Come si diceva, il film si pone come la trasposizione cinematografica del manga omonimo di Tsukasa Hojo divenuto poi negli anni Novanta un anime di successo in molti Paesi, compresa l’Italia. Non si può certo dire che Jackie Chan abbia il physique du rôle per vestire i panni di Ryu Saeba: un personaggio alto e muscoloso e dallo sguardo magnetico mal si adatta al buon Jackie, mingherlino e dal sorriso sornione (per non parlare poi dell’ampia giacca bianca indossata, che lo fa sembrare ancora più minuto). Il più evidente dei difetti del film è nello “spirito” del personaggio: il Ryu dei manga e degli anime è un bambinone che ha occhi solo per le donne e non perde occasione per “provarci”, finché una situazione pericolosa non lo trasforma in una perfetta macchina per combattere e, se è il caso, uccidere; Jackie interpreta sì un bambinone, ma tiene troppo fede al proprio personaggio - candido, puro e immacolato - per occuparsi poi tanto delle donne. A parte qualche strizzata d’occhio e qualche faccia buffa, il Ryu del film pensa molto poco alle donne rispetto ad altri stimoli come il cibo e il restare in vita. Ovviamente è del tutto assente l’aspetto “letale” del personaggio-Ryu, visto che questo non rientra assolutamente nei dettami del personaggio-Jackie.
“City Hunter” è un film comico-marziale di Jackie Chan, in fin dei conti: il fatto che porti il nome di un celebre manga giapponese è assolutamente marginale. Anche se va sottolineato come, dopo l’uscita del film, Chan stesso abbia disconosciuto il risultato finale e ci sia stata tensione con il regista: quest’ultimo, evidentemente seccato dalla cosa, nel suo successivo film “Meltdown” (1995) inserisce un personaggio che prende dichiaratamente in giro Jackie, interpretato proprio dal suo sosia Jackie Cheung.
Come ogni altro film di Jackie, anche “City Hunter” vanta roboanti sequenze di stunt e combattimenti paradossali e a tratti di una comicità forse troppo esagerata.
I momenti da ricordare del film sono molti. Difficilmente passano inosservate le sequenze in cui è protagonista Chingmy Yau, sexy-eroina del cinema di Hong Kong (anche se qui, ovviamente, in abiti castigati), così come da antologia rimane la scena in cui Jackie lotta in un cinema dove trasmettono “L’ultimo combattimento di Chen”.

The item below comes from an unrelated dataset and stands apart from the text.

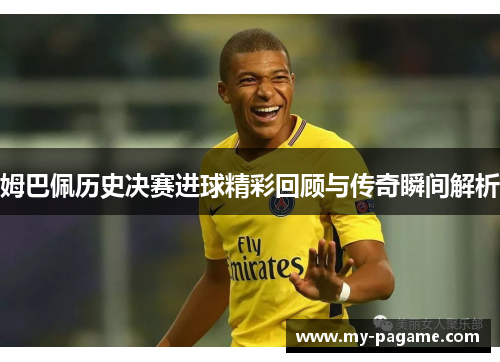 姆巴佩历史决赛进球精彩回顾与传奇瞬间解析 姆巴佩历史决赛进球精彩回顾与传奇瞬间解析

La coppia di cattivi eccellenti del film è costituita da Richard Norton e Gary Daniels, entrambi in ottima forma ed entrambi lanciati nell’effimero mondo dei film di arti marziali statunitensi grazie alle loro prove di Hong Kong. Norton va ricordato per il lungo combattimento finale, soprattutto per la sequenza con i tonfa, e Daniels per la celebre sequenza in cui lui e Jackie Chan danno vita a due personaggi del videogioco “Streetfighter”: il biondo attore britannico diventa Ken, mentre Chan si trasforma prima nel lottatore di sumo Honda (scritto però Honde, semplicemente perché lo storico contratto di Chan con la Mitsubishi vietava di citare la concorrente Honda!), poi nella lottatrice Chun-li.
Nel 2001 la Hong Kong Legends ha rilasciato una ricca edizione DVD del film, con molti contenuti speciali come interviste (a Chan, Norton e Daniels), commentari audio, scene eliminate e molto altro. Purtroppo non tutti questi contenuti sono presenti anche nell’edizione italiana, che comunque vanta interviste a Jackie Chan e al regista Wong Jing.
“City Hunter” non può certo mancare nella dvdteca del fan di questo genere di film, sebbene sia un titolo al di sotto della sufficienza da tutti i punti di vista: non è infatti né un buon film “alla Jackie” né una buona trasposizione del “vero” City Hunter.